Tuple slices

G

George Sakkis

Why does slicing a tuple returns a new tuple instead of a view of the existing one, given that
tuples are immutable ? I ended up writing a custom ImmutableSequence class that does this, but I
wonder why it is not implemented for tuples.

George
 
S

Steven Bethard

Fredrik said:
George said:
Why does slicing a tuple returns a new tuple instead of a view of the existing one, given that
tuples are immutable ?
really?

a = 1, 2, 3
b = a[:]
a is b
True

My impression was that full tuple copies didn't actually copy, but that
slicing a subset of a tuple might.
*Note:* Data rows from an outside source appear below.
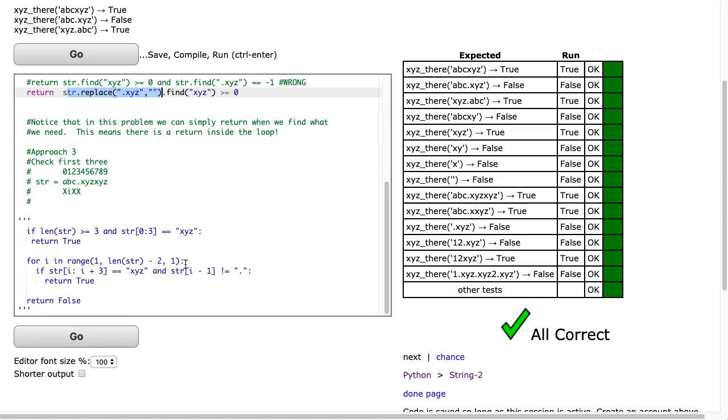All right, approach three is probably, you know, for a young beginning programmer, the most important approach to get comfortable with, and that is using a loop and searching for a substring using a loop.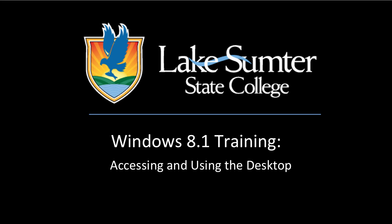This video will teach you how to access the desktop in Windows 8.1 and how to configure your computer to load directly to the desktop, if that's easier for you.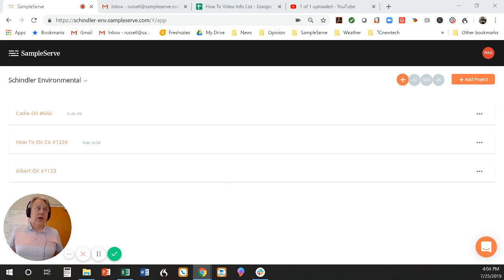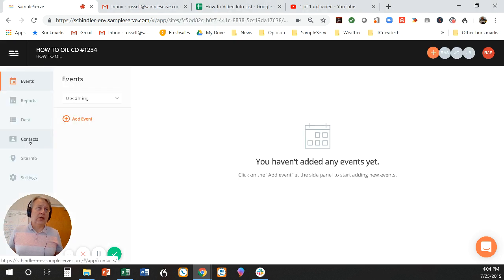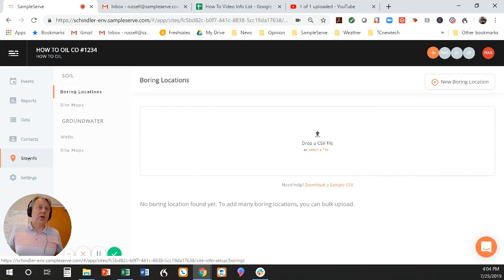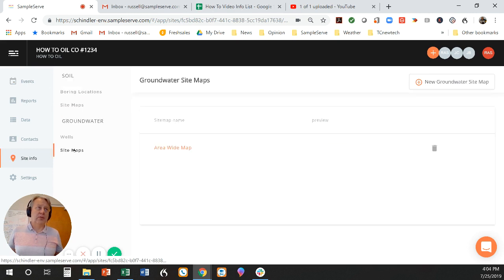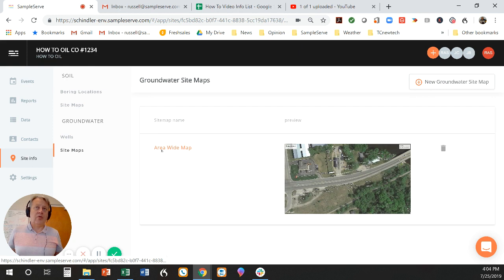We're going to go to our how-to oil company and click on that. We're going to go to site info, then we're going to click on sitemap. We've previously uploaded a map already — there it is. I've previously uploaded sample locations or well locations.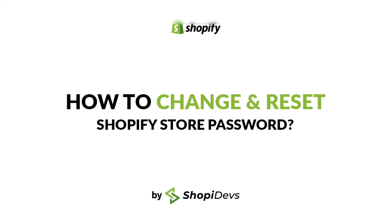If you like this video, give us a thumbs up, subscribe to our channel, and keep watching our videos to learn more about Shopify.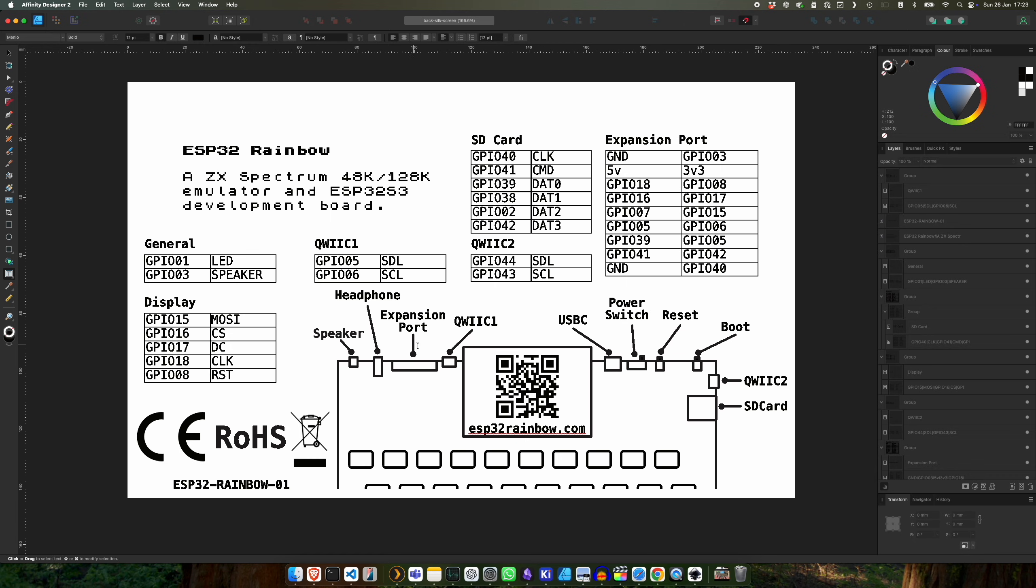There's a QR code so we can jump straight to the ESP32 rainbow site, and I've done a quick sort of sketch of the board and all of the connectors: the speaker, headphone, expansion port, QWIIC connectors, USB-C, another QWIIC connector, the SD card. Just so you can flip the board over and have a quick reference to see what the board actually does.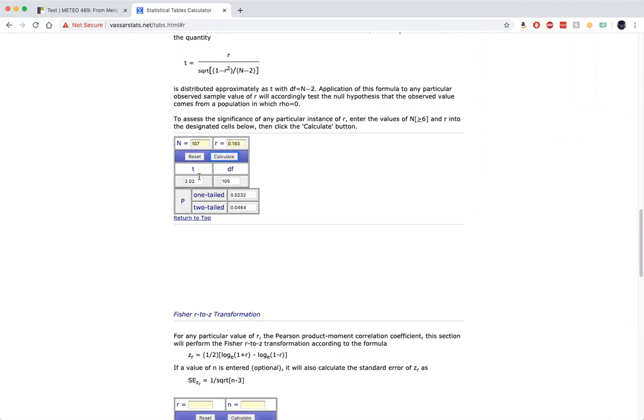Typically, when t is 2 or larger, that signifies a result that's significant at the 0.05 level for two-tailed tests, which is what we see here.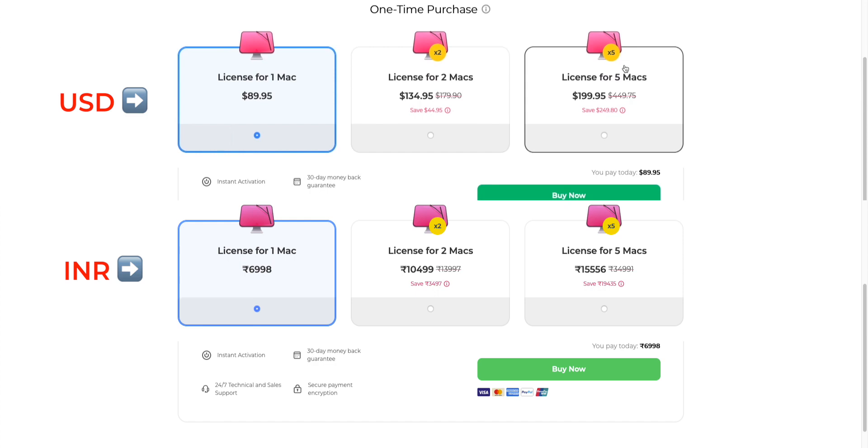And both plans come with 30 day money back guarantee. So that's good to hear. And again the affiliate links are down below and you can buy from there and support the channel.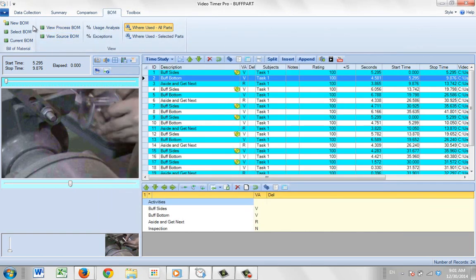This is how you create a new bill of material manually. Again, not recommended if you have options. I would rather recommend that you bring the data in, as you'll see in the next videos.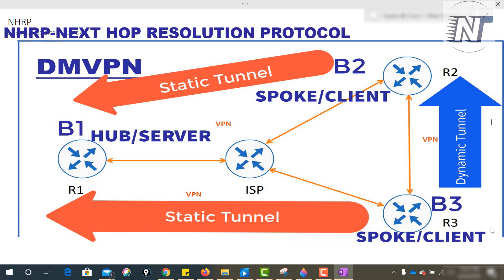NHRP stands for Next Hop Resolution Protocol. NHRP is a layer 2 protocol, like ARP - Address Resolution Protocol. It is used to resolve the client queries per public IP address. We can understand it clearly through the diagram.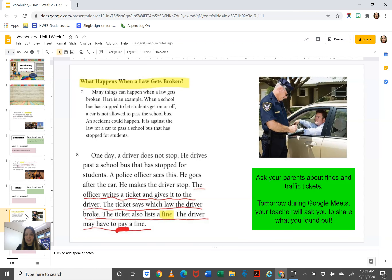Another activity that you can do is ask your parents about fines and traffic tickets. Tomorrow during your whole group Google Meet your teacher might ask you what you found out about what fines are. Okay boys and girls, I cannot wait to see what creative sentences you came up with. I hope you have a wonderful rest of your day and please reach out if you need any help. Your teachers are here and happy to help you with whatever you need. Bye! See you soon!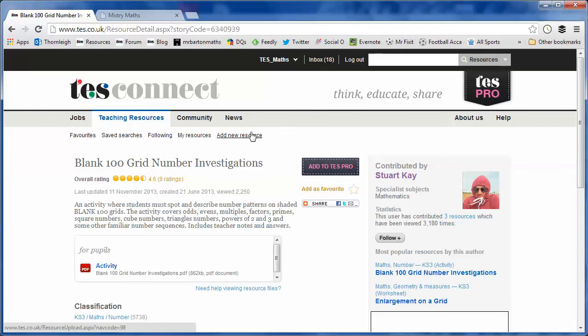So there it is, Blank 100 Grid Number Investigations, kindly uploaded by Stuart Kay. And if you do use the resource, then please pop back onto this page, and just share your thoughts on it in the section below.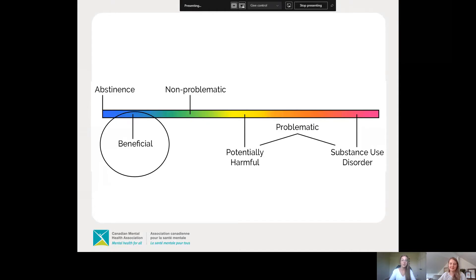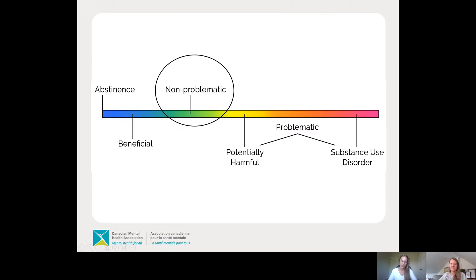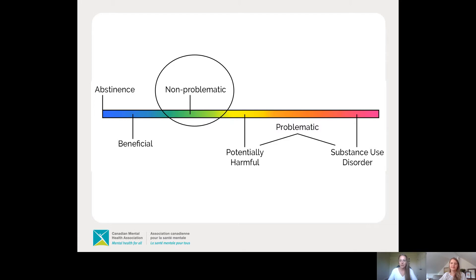To demonstrate how all of this works, we're going to show you the substance use continuum. On the screen we see scenario one, which might be something beneficial — for example, you're celebrating a special occasion or a holiday and you have a special drink with dinner. You might feel like your drink is adding to the festive holiday. Looking at scenario two, which is non-problematic substance use: on another night you go out with friends and have a bit too much to drink. The next day you're tired and feel run down, but otherwise you're fine. If this situation isn't regular, alcohol may not be harmful.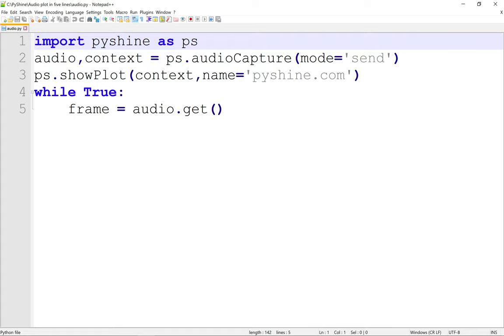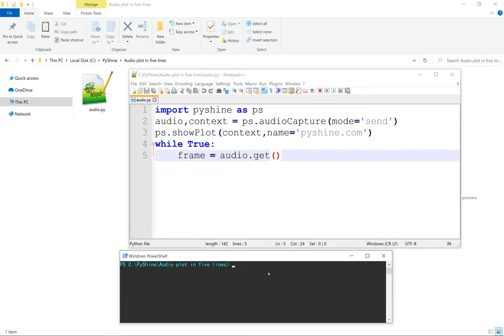The link to source code is available in the description. In the upcoming tutorial we will transmit this audio data from one computer to another using socket programming over the Wi-Fi network.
Not exactly sure how to test this, but:

py> a = 1, 2, 3
py> a[:2] is a[:2]
False

So _something_ at least is different between the two slices...

Steve
 
F

Fredrik Lundh

Steven said:
a = 1, 2, 3
b = a[:]
a is b
True

My impression was that full tuple copies didn't actually copy, but that slicing a subset of a
tuple might. Not exactly sure how to test this, but:

py> a = 1, 2, 3
py> a[:2] is a[:2]
False

yup. and to figure out why things are done this way, consider this case:
>>> a = give_me_a_huge_tuple()
>>> len(a) (a rather large number)
>>> b = a[:2]
>>> del a

(IIRC, I proposed to add "substrings" when I implemented the Unicode string
type, but that idea was rejected, for the very same "and how do you get rid of
the original object" reason)

</F>
 
S

Steven Bethard

Fredrik said:
Steven said:
My impression was that full tuple copies didn't actually copy, but that slicing a subset of a
tuple might. Not exactly sure how to test this, but:

py> a = 1, 2, 3
py> a[:2] is a[:2]
False

yup. and to figure out why things are done this way, consider this case:
a = give_me_a_huge_tuple()
len(a) (a rather large number)
b = a[:2]
del a

(IIRC, I proposed to add "substrings" when I implemented the Unicode string
type, but that idea was rejected, for the very same "and how do you get rid of
the original object" reason)

Ahh. Yeah, that seems sensible. I don't think I've ever written code
like that, but if I did, I'd almost certainly want it to work as it does
now...

Steve
 
J

Jeff Epler

The cpython implementation stores tuples in memory like this:
[common fields for all Python objects]
[common fields for all variable-size python objects, including tuple size]
[fields specific to tuple objects, if any]
[array of PyObject*, one for each item in the tuple]
This way of storing variable-size Python objects was chosen in part
because it reuqires only one allocation for an object, not two.
However, there is no way for one tuple to point to a slice of another
tuple.

there's no reason that some other python implementation couldn't make a
different choice.

Jeff

-----BEGIN PGP SIGNATURE-----
Version: GnuPG v1.2.1 (GNU/Linux)

iD8DBQFB9V1/Jd01MZaTXX0RAnDMAJ0f2v26tba9j46KsYV3SkylB51KlQCfeTtK
YYuTzz1nulvDc8Ad9p78AGo=
=+SO0
-----END PGP SIGNATURE-----
 
G

George Sakkis

Fredrik Lundh said:
Steven said:
a = 1, 2, 3
b = a[:]
a is b
True

My impression was that full tuple copies didn't actually copy, but that slicing a subset of a
tuple might. Not exactly sure how to test this, but:

py> a = 1, 2, 3
py> a[:2] is a[:2]
False

yup. and to figure out why things are done this way, consider this case:
a = give_me_a_huge_tuple()
len(a) (a rather large number)
b = a[:2]
del a

(IIRC, I proposed to add "substrings" when I implemented the Unicode string
type, but that idea was rejected, for the very same "and how do you get rid of
the original object" reason)

</F>

Fair enough. So perhaps the question is whether such cases are more regular than something like:
a = give_me_a_huge_tuple()
slices = [a[i:j] for i in xrange(len(a)) for j in xrange(i+1, len(a)+1)]

George
 
P

Peter Hansen

George said:
Fair enough. So perhaps the question is whether such cases are more regular than something like:
a = give_me_a_huge_tuple()
slices = [a[i:j] for i in xrange(len(a)) for j in xrange(i+1, len(a)+1)]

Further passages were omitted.